Do it like this and you'll enumerate the lists the minimum amount necessary:

var expectedResult = listOne.Union(listTwo).OrderBy(i => i);

This will do the union in one loop using a hashset, and lazy execution means the base-pass for the sort will piggyback on the union. But I don't think it's possible finish the sort in a single iteration, because sorting is not a O(n) operation.

Answer 3

var listOne = new List<int> { 3, 4, 1, 2, 7, 6, 9, 11 };
var listTwo = new List<int> { 1, 7, 8, 3, 5, 10, 15, 12 };
var result = listOne.ToList();

foreach (var n in listTwo)
{
  if (result.IndexOf(n) == -1)
    result.Add(n);
}

Answer 4

Without the precondition that both lists are sorted before the merge + sort operation, you can't do this in O(n) time (or "using one loop").

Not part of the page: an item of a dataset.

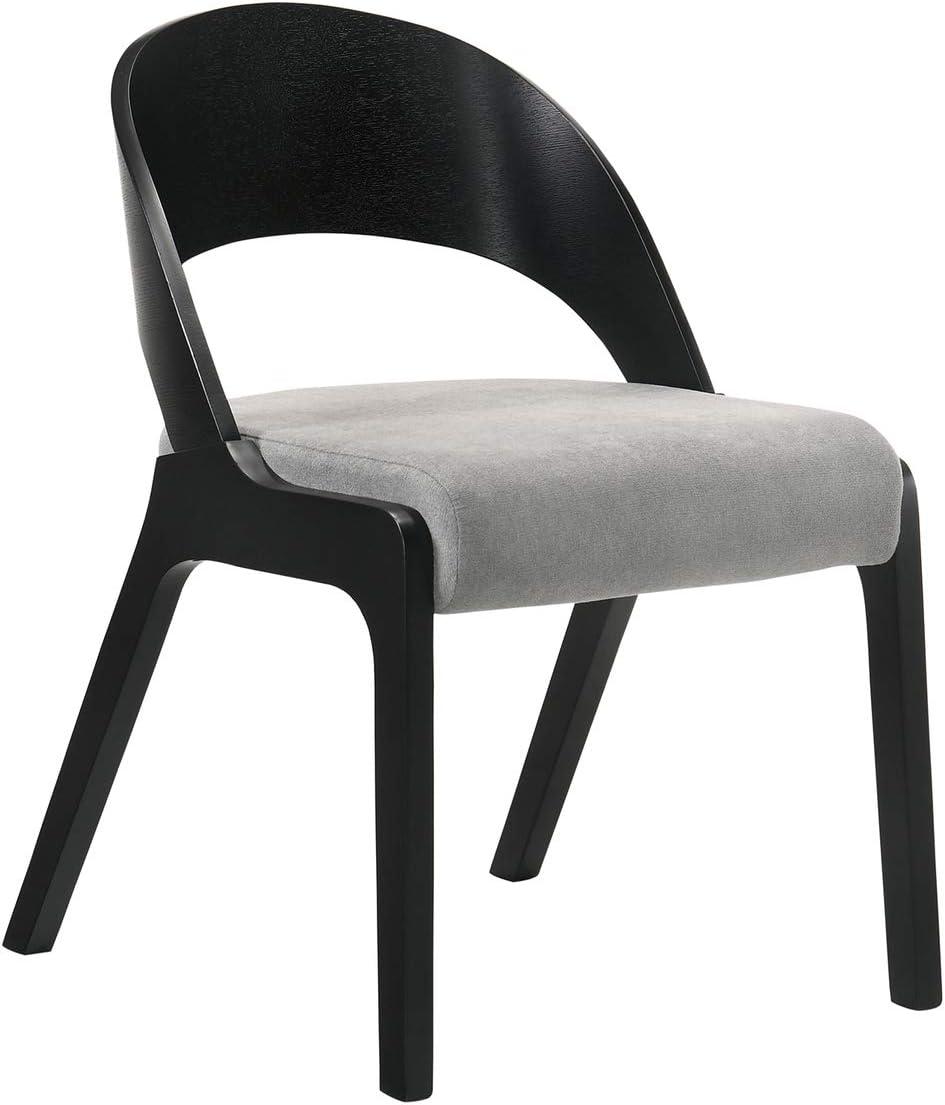 image:imageArmen Living Polly MidCentury Modern Dining Accent Chairs Finish FabricSet of 2 20 Wide BlackGrey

Add that precondition and the problem is very easy.

Keep two iterators, one for each list. On each loop, compare the element from each list and choose the smaller. Increment that list's iterator. If the element you are about to insert in the final list is already the last element in that list, skip the insert.

In pseudocode:

List a = { 1, 3, 5, 7, 9 }
List b = { 2, 4, 6, 8, 10 }
List result = { }
int i=0, j=0, lastIndex=0
while(i < a.length || j < b.length)
    // If we're done with a, just gobble up b (but don't add duplicates)
    if(i >= a.length)
        if(result[lastIndex] != b[j])
            result[++lastIndex] = b[j]
        j++
        continue

    // If we're done with b, just gobble up a (but don't add duplicates)
    if(j >= b.length)
        if(result[lastIndex] != a[i])
            result[++lastIndex] = a[i]
        i++
        continue

    int smallestVal

    // Choose the smaller of a or b
    if(a[i] < b[j])
        smallestVal = a[i++]
    else
        smallestVal = b[j++]

    // Don't insert duplicates
    if(result[lastIndex] != smallestVal)
        result[++lastIndex] = smallestVal
end while

Answer 5

The closest solution I see would be to allocate an array knowing that integers are bounded to some value.

int[] values = new int[ Integer.MAX ]; // initialize with 0
int size1 = list1.size();
int size2 = list2.size();

for( int pos = 0; pos < size1 + size2 ; pos++ )
{
     int val =  pos > size1 ? list2[ pos-size1 ] : list1[ pos ] ;
     values[ val ]++;
}

Then you can argue that you have the sorted array in a "special" form :-) To get a clean sorted array, you need to traverse the values array, skip all position with 0 count, and build the final list.